Start of EXERCISE DATA

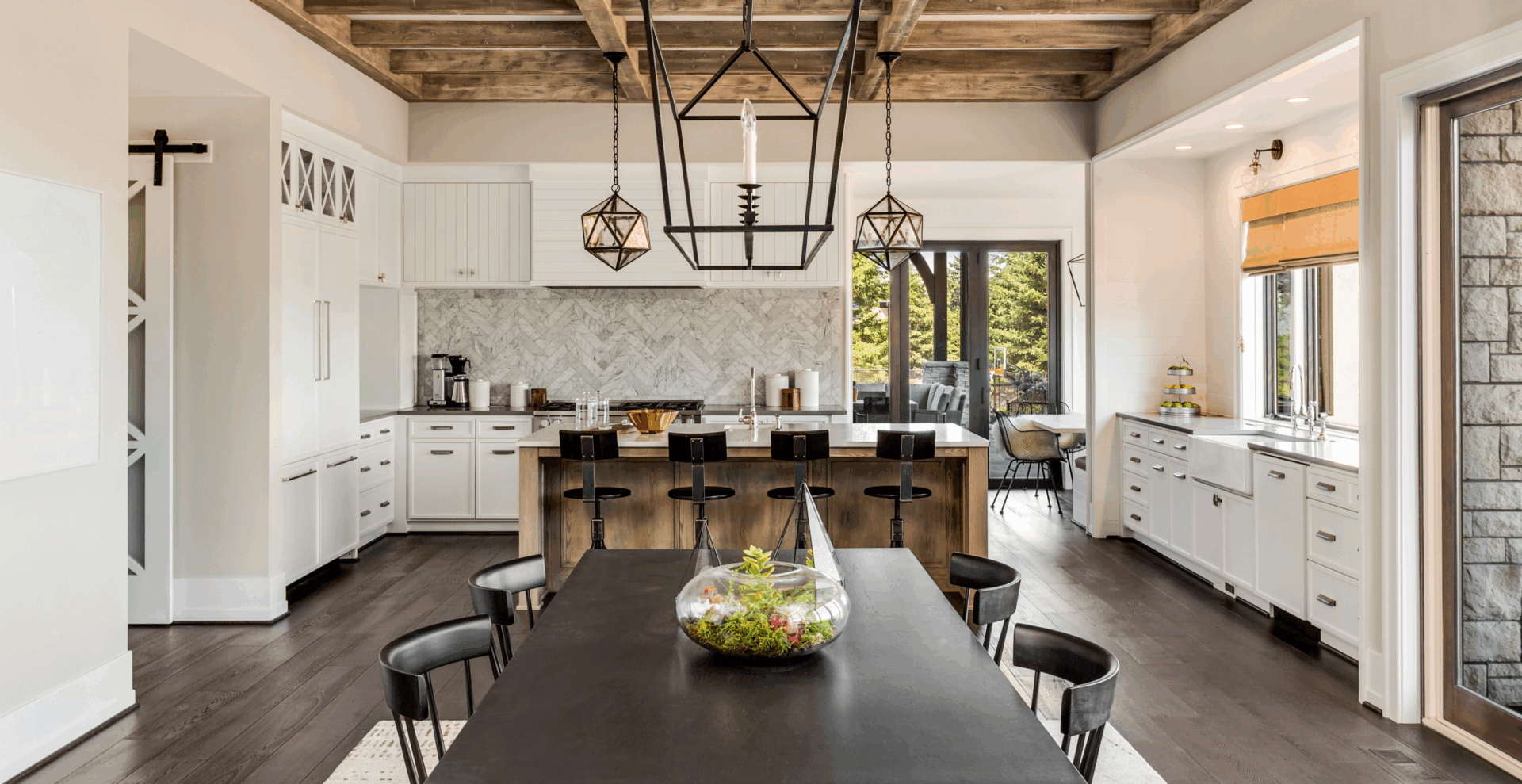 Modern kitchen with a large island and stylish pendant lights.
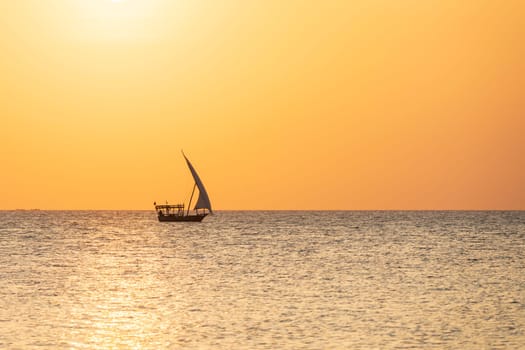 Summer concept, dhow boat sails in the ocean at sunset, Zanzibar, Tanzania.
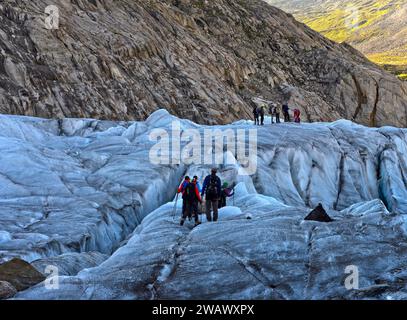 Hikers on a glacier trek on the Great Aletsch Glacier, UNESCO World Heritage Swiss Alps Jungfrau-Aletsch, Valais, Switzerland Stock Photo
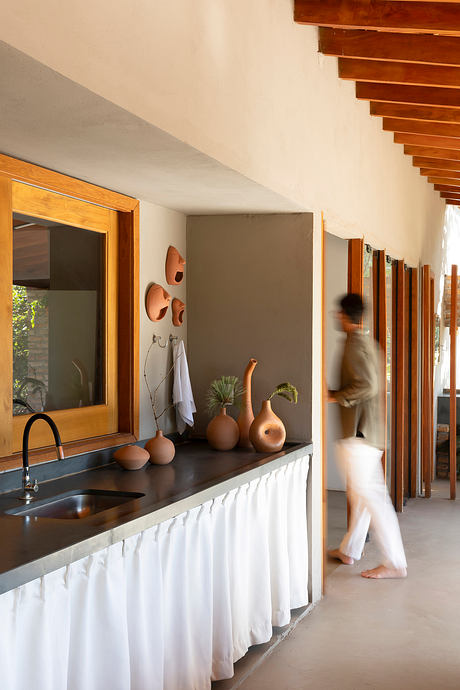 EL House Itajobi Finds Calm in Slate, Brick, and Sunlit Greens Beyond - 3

End of EXERCISE DATA
Start of EXERCISE DATA

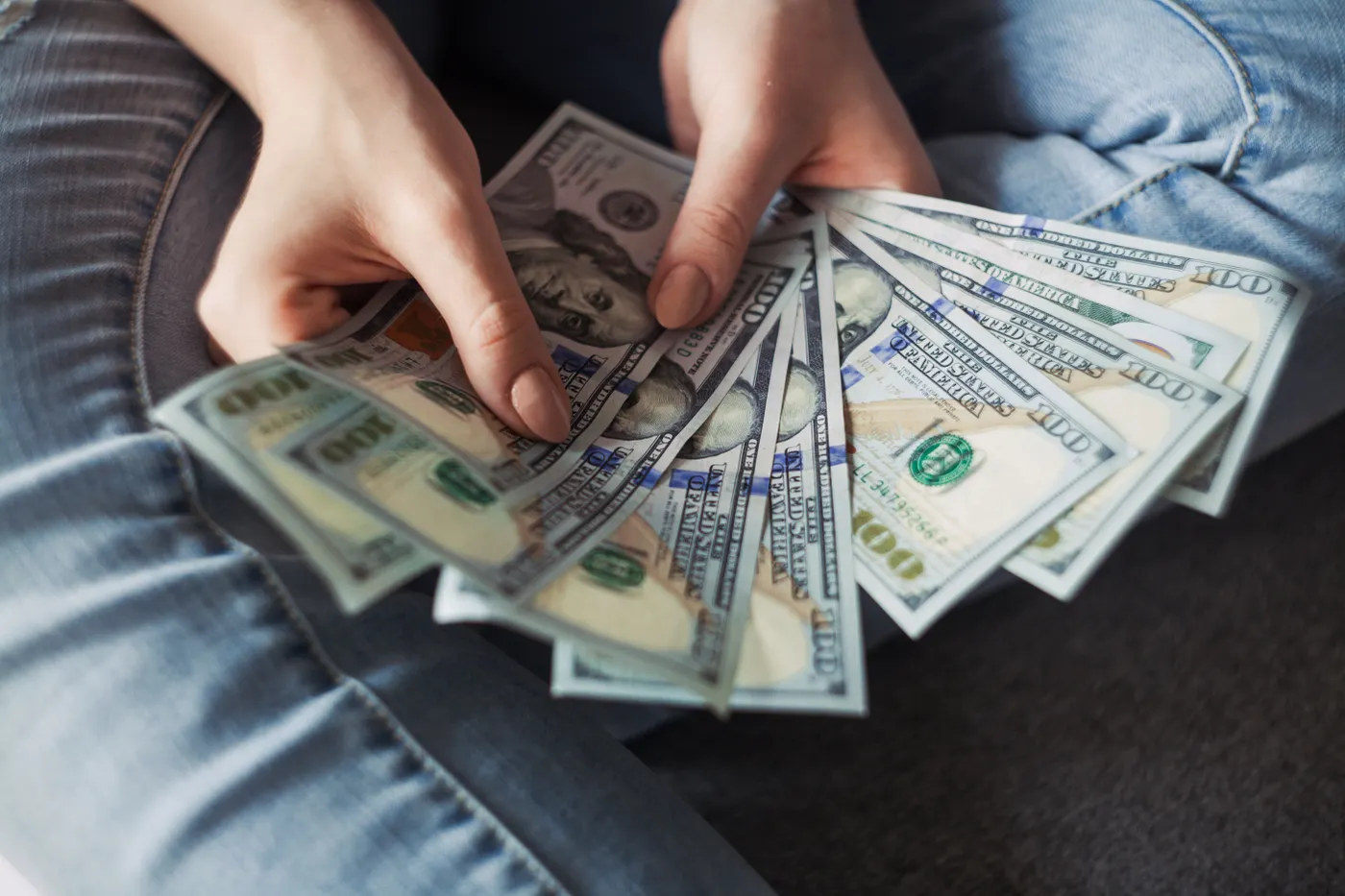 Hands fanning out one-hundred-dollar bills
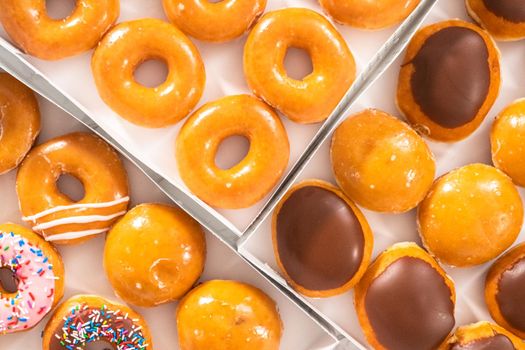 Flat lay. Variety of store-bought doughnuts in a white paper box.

End of EXERCISE DATA
Start of EXERCISE DATA

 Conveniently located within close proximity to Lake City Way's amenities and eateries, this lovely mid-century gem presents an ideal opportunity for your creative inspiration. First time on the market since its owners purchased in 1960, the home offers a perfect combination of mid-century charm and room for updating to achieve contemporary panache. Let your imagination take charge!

End of EXERCISE DATA

# TRY IT:
From the records above, copy exactly the lines starting at the one with "Modern kitchen with" and ending at the one with "EL House Itajobi", and no others. Pictures stay out.

# EXPECTED ANSWER:
 Modern kitchen with a large island and stylish pendant lights.
 Summer concept, dhow boat sails in the ocean at sunset, Zanzibar, Tanzania.
 Hikers on a glacier trek on the Great Aletsch Glacier, UNESCO World Heritage Swiss Alps Jungfrau-Aletsch, Valais, Switzerland Stock Photo
 EL House Itajobi Finds Calm in Slate, Brick, and Sunlit Greens Beyond - 3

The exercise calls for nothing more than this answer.